Ahora bien, él dice: «Buscamos tu rostro». [La] verdad y [la] bondad
son una vestimenta de Dios; Dios se halla por encima de cuanto podemos expresar
con palabras. [El] entendimiento «busca» a Dios y lo toma en la raíz donde
salen el Hijo y toda la divinidad; pero [la] voluntad permanece afuera y está
adherida a la bondad, porque [la] bondad es una vestimenta de Dios. Los ángeles
supremos toman a Dios en su vestuario, antes de que sea vestido con [la] bondad
o cualquier cosa que se pueda expresar con palabras. Por eso dice: «Buscamos tu
rostro», porque el «rostro» de Dios es su esencia.
Que Dios nos ayude a comprender eso y a poseerlo de buena voluntad. Amén.
[1] En un encabezamiento se dice que el sermón corresponde a la Vigilia de la Ascensión, en otro: «Un sermón sobre San Agustín».

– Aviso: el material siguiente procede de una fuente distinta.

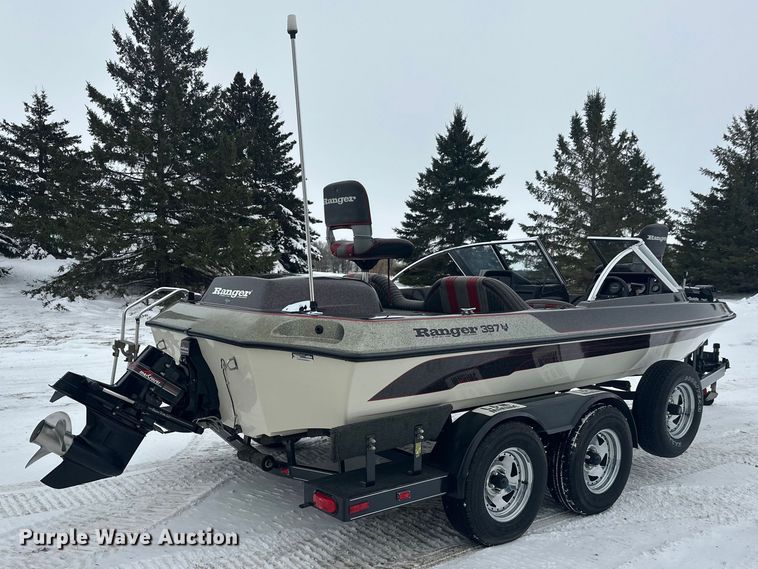 image for item FK1812 1993 Ranger 397I/0 boat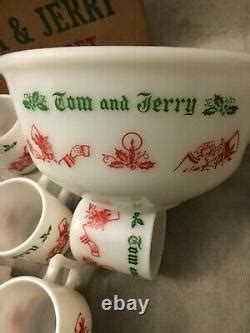 Vintage Tom And Jerry Christmas Punch Bowl Mug Set Hazel Atlas Milk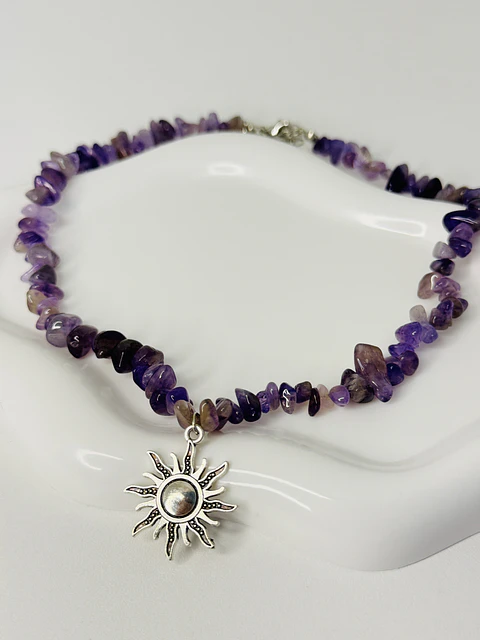 Collar de Piedras Naturales Dije Sol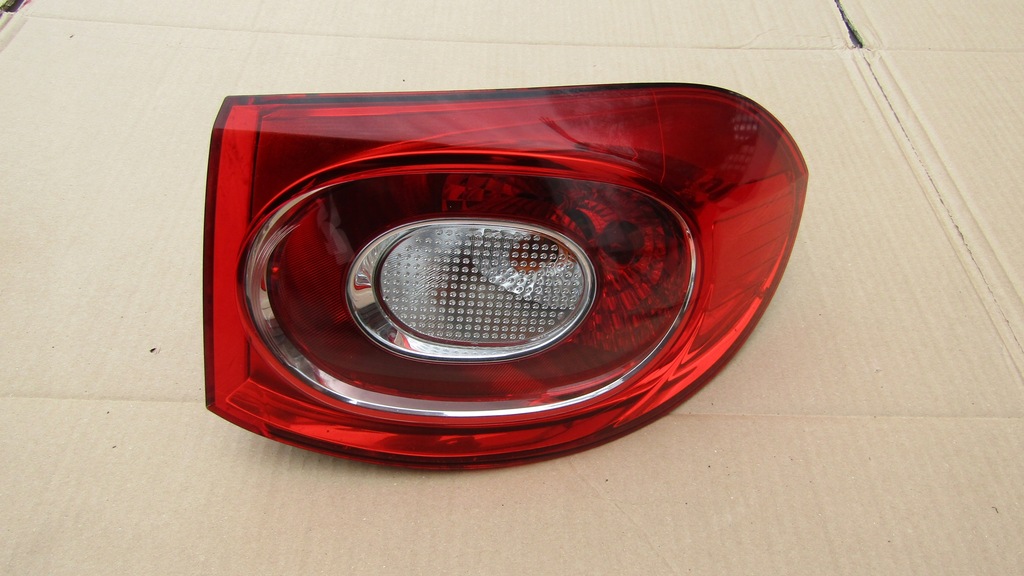 фото №1, Vw tiguan 5n лампа правая задняя polecam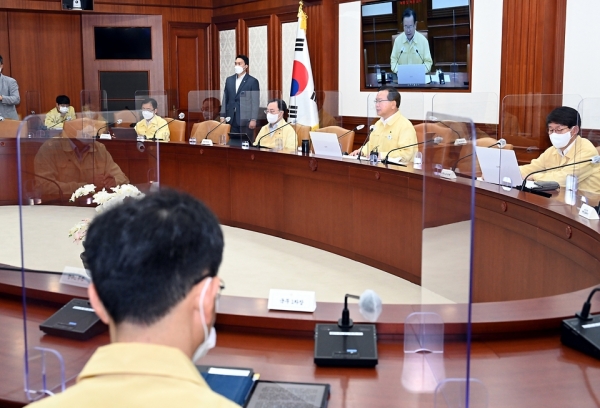 ▲ 사진은 김부겸 국무총리가 4일 세종로 정부서울청사에서 열린 코로나19 중앙재난안전대책본부 회의를 주재하고 있다. 15일 광복절 신규 확진자 수는 1800명대를 기록했다. 나흘째 2000명 가까이 확진자 수가 나오고 있다. (사진=국무조정실)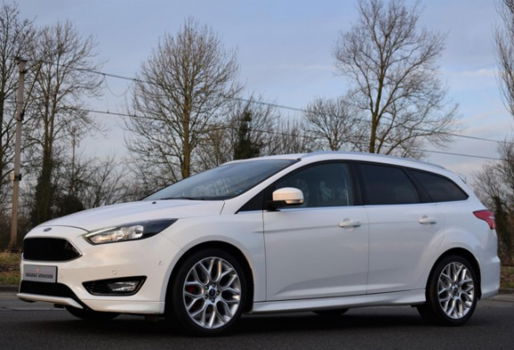 Ford Focus Wagon - 1.5 Titanium Edition ST-Line 150pk | Navi - 1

El texto bíblico está tomado de la Epístola del jueves después del Domingo de Pasión.
El título no figura en los textos de la edición crítica. Véase nota 1 del Sermón XLVIII.
[2] «En su naturaleza» = «en el espíritu de la sabiduría».
[3] «Esto», o sea, el ayuno y los ejercicios de penitencia.
[4] Quint (t. II p. 631 n. 2) señala que existe la variante «un caballo» en vez de «un jubón» pero la considera poco verosímil.
[5] Quint supone que Eckhart piensa en Liber XXIV philos. prop. 18.